L’agglomération de Nantes va aménager le quai de la Fosse dans la 2ème quinzaine d’avril avec des pistes provisoires. La métropole de Grenoble étudie également plusieurs applications sur des grands axes de l’agglomération. Le Havre a lancé une mission sur le sujet.
La Métropole de Lyon annonce la mise en place de tout un programme d’urbanisme tactique pour le vélo et la marche dans la période de post-confinement.
Adrien Lelièvre, journaliste aux Echos a créé un fil Twitter recensant toutes les initiatives internationales dans ce sens et a publié un article sur le sujet, régulièrement mis à jour.

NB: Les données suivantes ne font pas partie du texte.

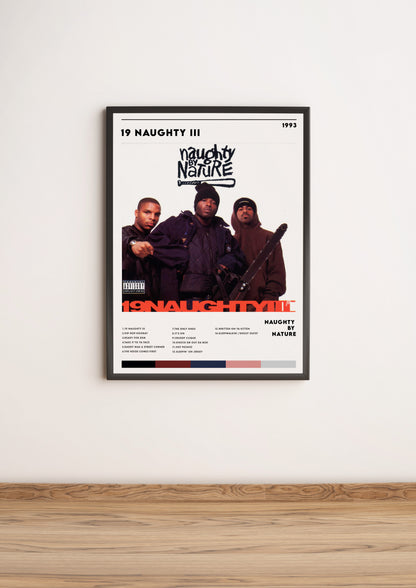 Póster “19 Naughty III” - Naughty by Nature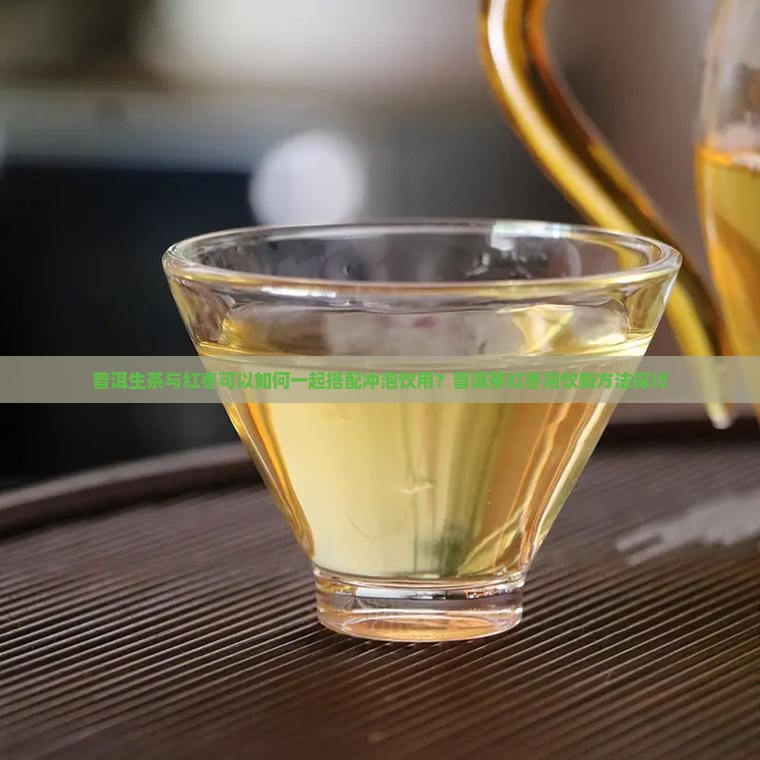 普洱生茶与红枣可以如何一起搭配冲泡饮用？普洱茶红枣泡饮新方法探讨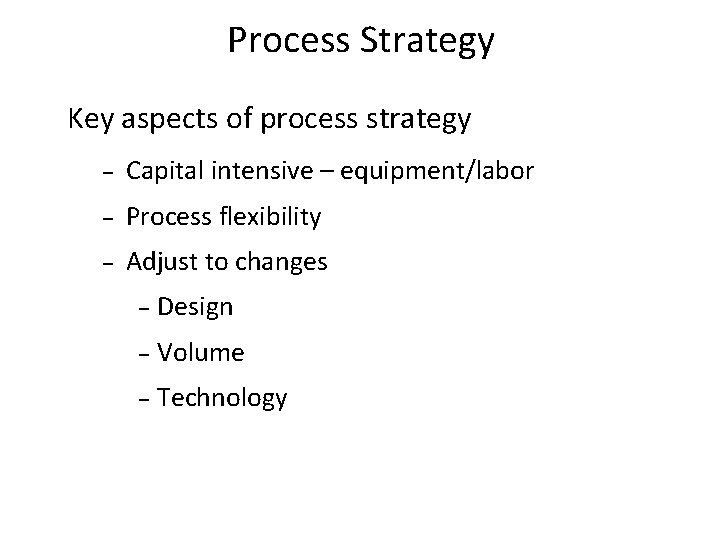 Process Strategy Key aspects of process strategy – Capital intensive – equipment/labor – Process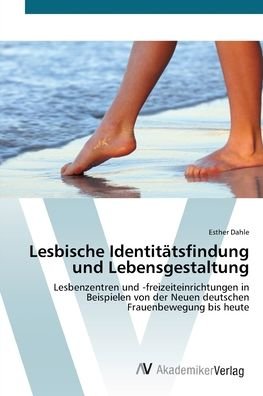 Cover for Dahle · Lesbische Identitätsfindung und L (Bok) (2012)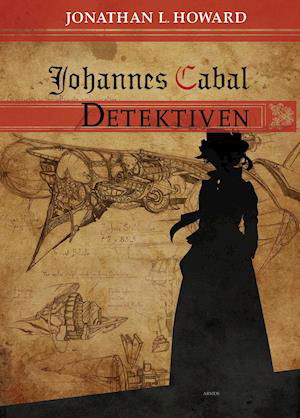 Cover for Jonathan L. Howard · Johannes Cabal Detektiven (Sewn Spine Book) [1th edição] (2021)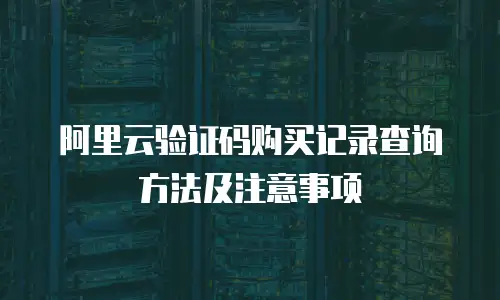 阿里云验证码购买记录查询方法及注意事项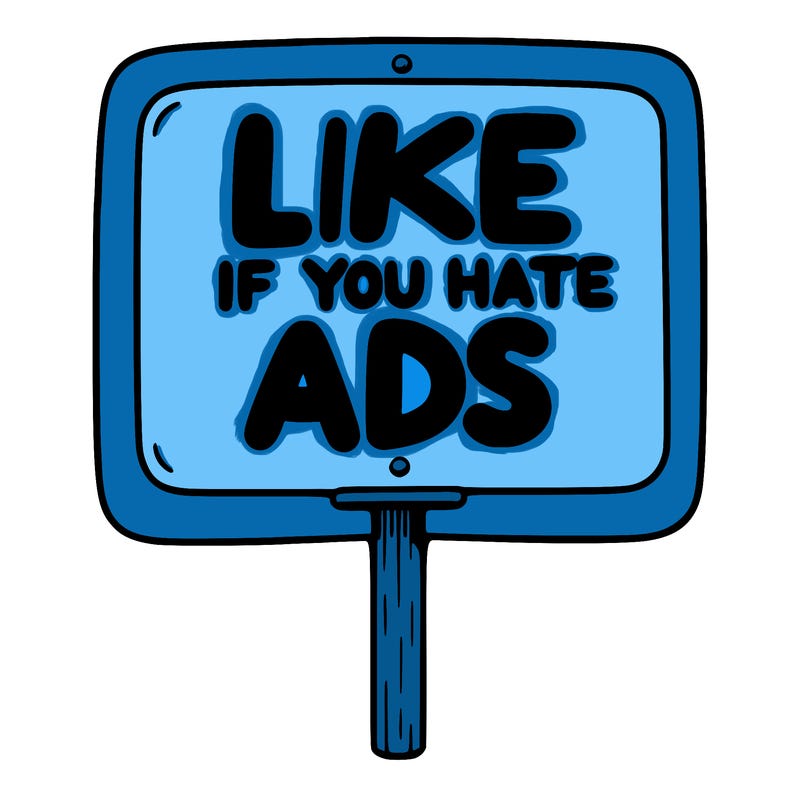 a sign that says like if you hate ads
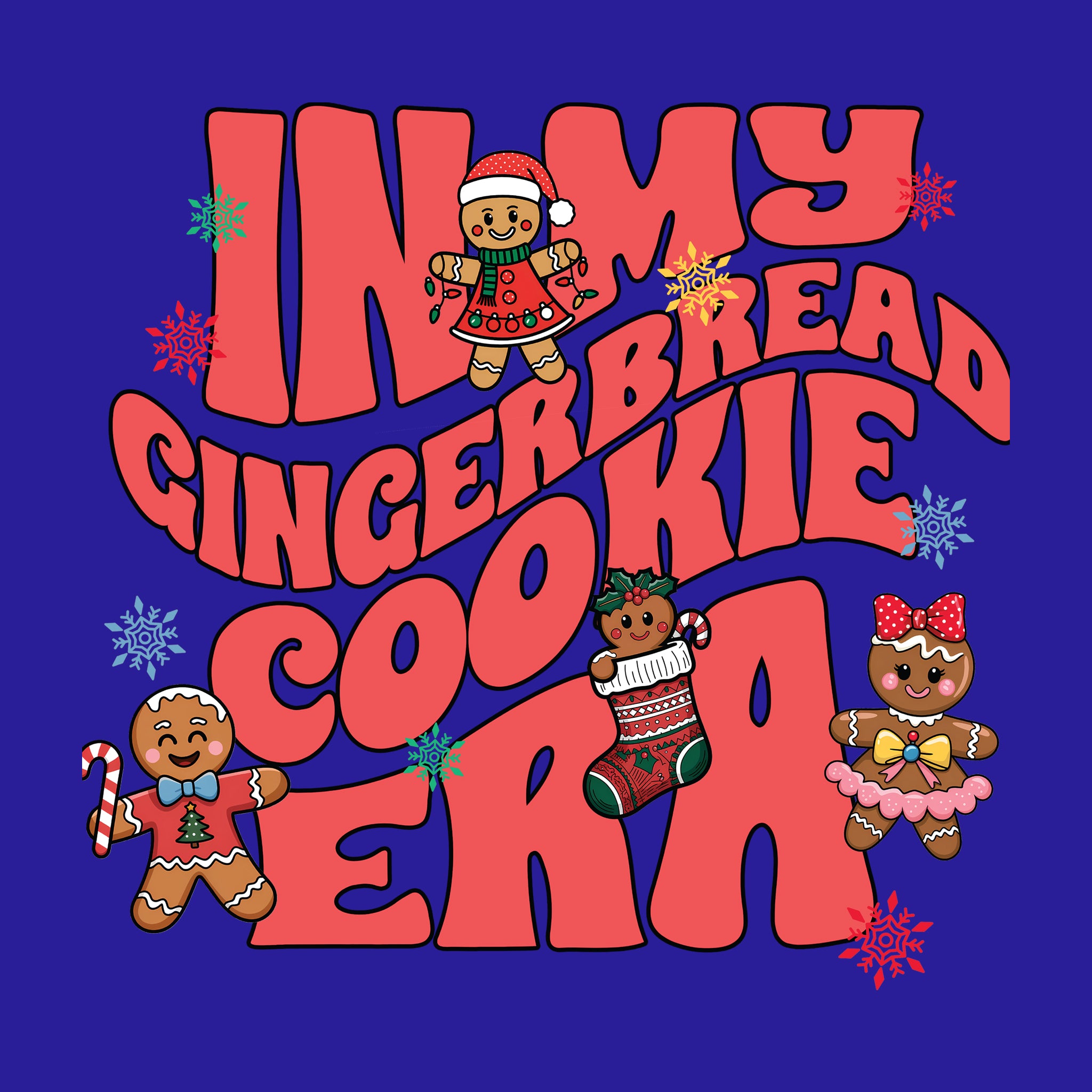 In My Gingerbread Cookie Era
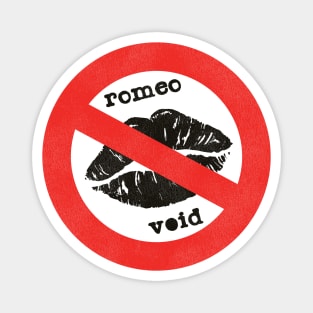 Romeo Void Magnet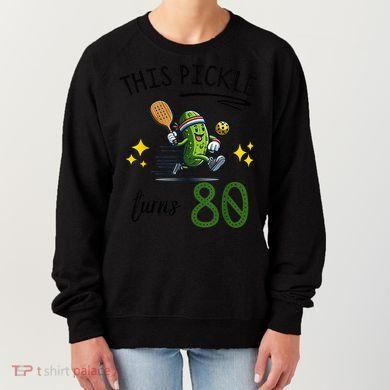 THIS PICKLE TURNS 80 PICKLEBALL 80th BIRTHDAY Women's Sweatshirt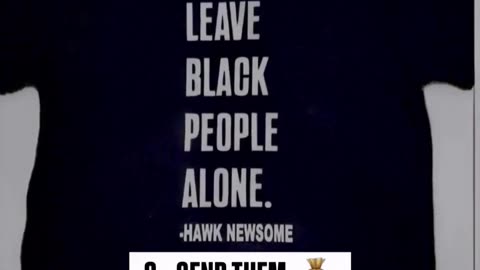 Leave black people alone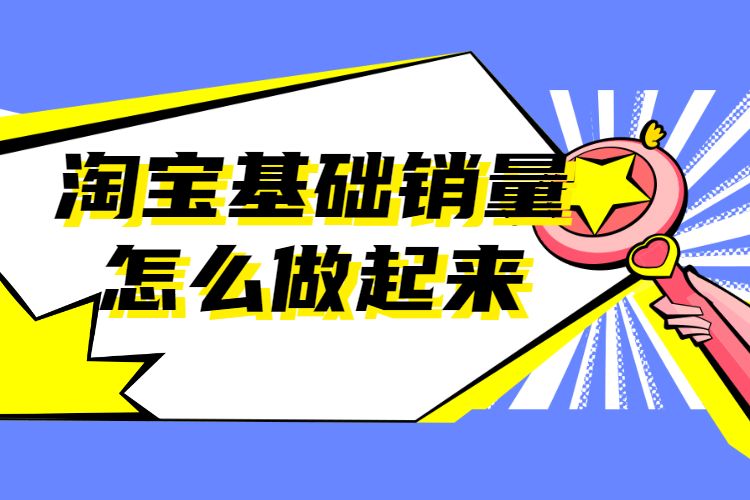 淘宝基础销量具体要怎么做？到底该如何提升？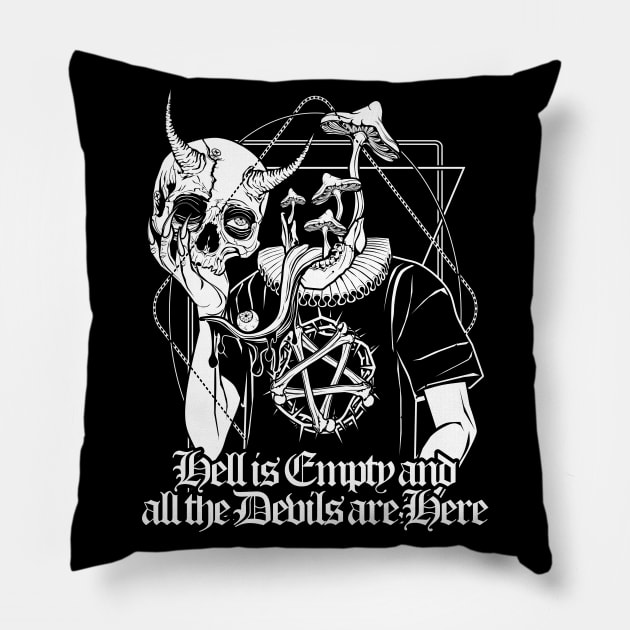 Hell is Empty... and Terry quotes Shakespeare Pillow by Von Kowen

Le gouvernement vient de charger Pierre Serne, président du Club des Villes et Territoires Cyclables pour recenser et accompagner les collectivités dans l’aménagement de pistes provisoires et faire remonter les difficultés rencontrées, notamment sur le plan de la législation.
Thomas Jouannot, expert vélo du CEREMA a déjà réalisé une note de travail en préconisant l’utilisation des règlementations de signalisation de chantier pour réaliser ces pistes. Il vient de publier la fiche « Aménagements cyclables temporaires et confinement : quelles opportunités ? (en accès-libre) afin d’accompagner le déploiement de cette solution dans les collectivités françaises. Une visio-conférence est prévue le 22 avril à l’initiative du CEREMA pour que les collectivités puissent échanger sur le sujet.
Et la marche ?
La marche ne doit pas être en reste, alors que les consignes de distanciation sociale sont inapplicables avec la norme française de largeur des trottoirs (minimum 1m40 hors obstacles). Joggeurs et piétons ont déjà pris le pas en utilisant les chaussées vides lors des croisements. A Paris et en Île-de-France, la marche est même le premier mode de transport de la région avec près de 40 % de part modale selon les premiers résultats de l’Enquête Globale Transports.
Le déconfinement nécessitera des trottoirs élargis, lorsque la largeur ne permet pas de se croiser en respectant 1m de distance sur les grands axes. Les plus petites rues nécessiteront une généralisation des dispositifs type « zone de rencontre » en réduisant drastiquement le trafic de transit et les vitesses permises afin de permettre aux piétons de circuler et se croiser sur la chaussée en toute sécurité.